Leave the images out and repeat the data exactly as given.

Stored data:
=== Begin Enclosure ===

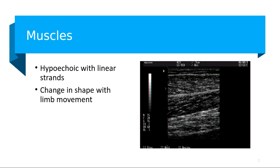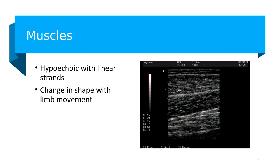General sonographers are pretty familiar with muscles. We looked at the muscles in the thyroid earlier. For the most part, muscles are going to have this hypoechoic appearance with linear strands or bands that are coursing through them. And if you have your patient move that limb, you're going to be able to see the change in shape of the muscle when they move.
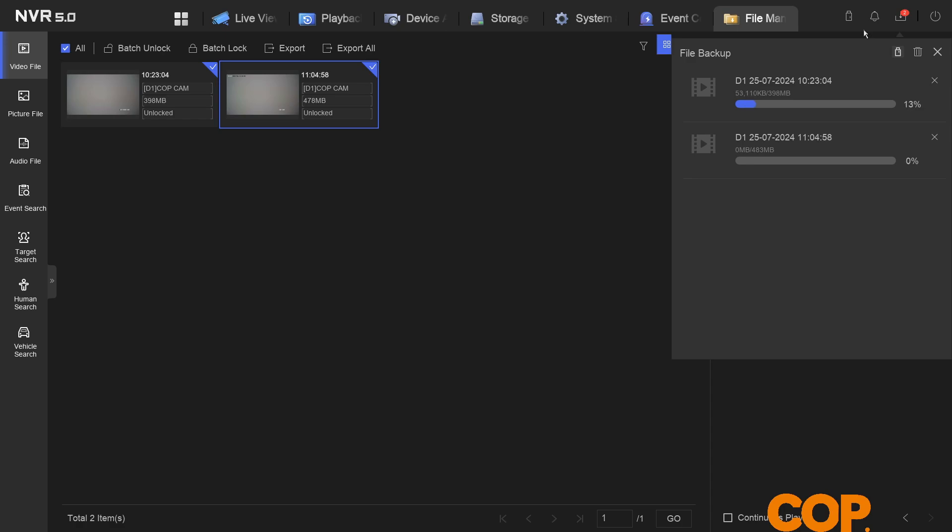And that's it. That's how we export footage from a version 5 recorder. Thank you very much for watching today.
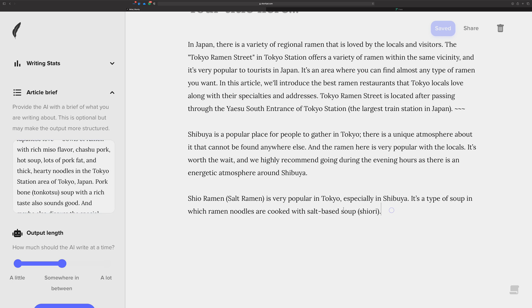If you want it to be more specific about shio ramen, go over here and change up some of the things to be more about shio ramen. Whatever your article is about, you can update the article brief at any time to change up the context and give the AI different and better clues for the situation that you're in in your article.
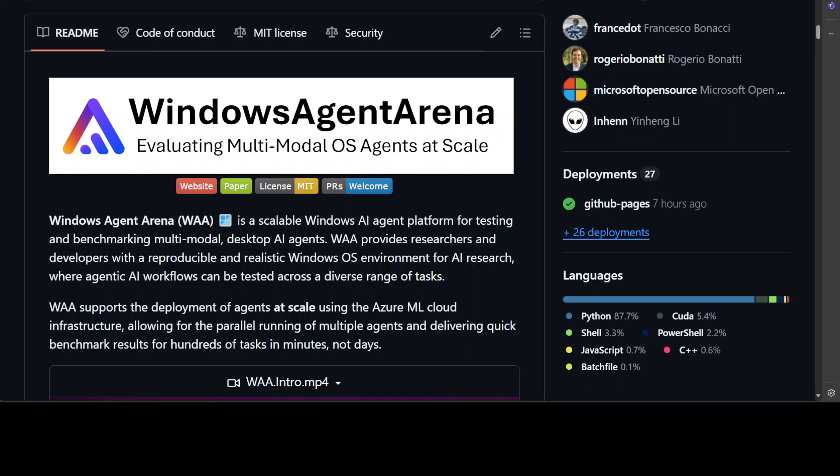So Windows Agent Arena is simply an environment in Windows based on Docker and Linux at the core to give you a platform to test AI agents at scale. That is what all it is doing.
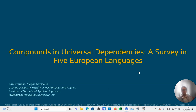Dear viewers, I would like to present to you a survey on compounds in universal dependencies, which we conducted together with my advisor Magda Shevchikova over five languages. My name is Emil Svoboda, and I will be your presenter today.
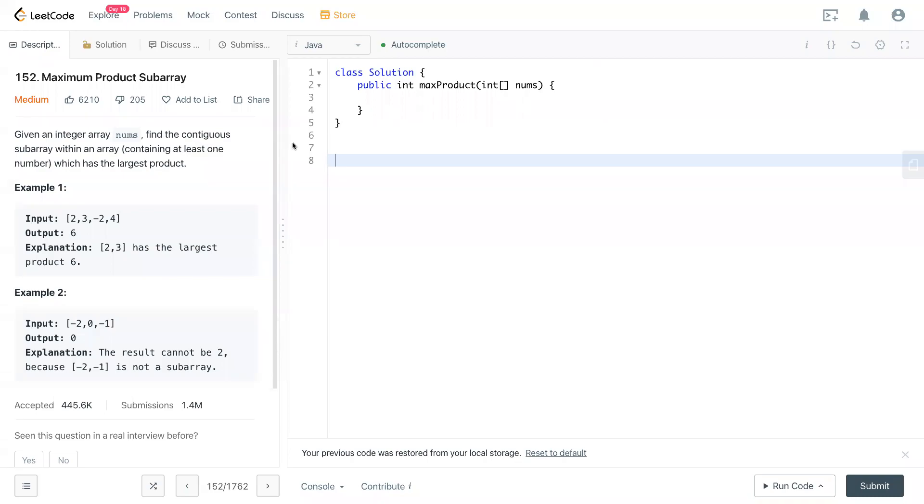Hello, welcome to my channel. Today we have LeetCode 152 maximum product subarray. So given an integer array nums, find a contiguous subarray within an array, containing at least one number which has the largest product.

=== End Enclosure ===

- **WRITTEN REPLY**:
General sonographers are pretty familiar with muscles. We looked at the muscles in the thyroid earlier. For the most part, muscles are going to have this hypoechoic appearance with linear strands or bands that are coursing through them. And if you have your patient move that limb, you're going to be able to see the change in shape of the muscle when they move.
And that's it. That's how we export footage from a version 5 recorder. Thank you very much for watching today.
If you want it to be more specific about shio ramen, go over here and change up some of the things to be more about shio ramen. Whatever your article is about, you can update the article brief at any time to change up the context and give the AI different and better clues for the situation that you're in in your article.
So Windows Agent Arena is simply an environment in Windows based on Docker and Linux at the core to give you a platform to test AI agents at scale. That is what all it is doing.
Dear viewers, I would like to present to you a survey on compounds in universal dependencies, which we conducted together with my advisor Magda Shevchikova over five languages. My name is Emil Svoboda, and I will be your presenter today.
Hello, welcome to my channel. Today we have LeetCode 152 maximum product subarray. So given an integer array nums, find a contiguous subarray within an array, containing at least one number which has the largest product.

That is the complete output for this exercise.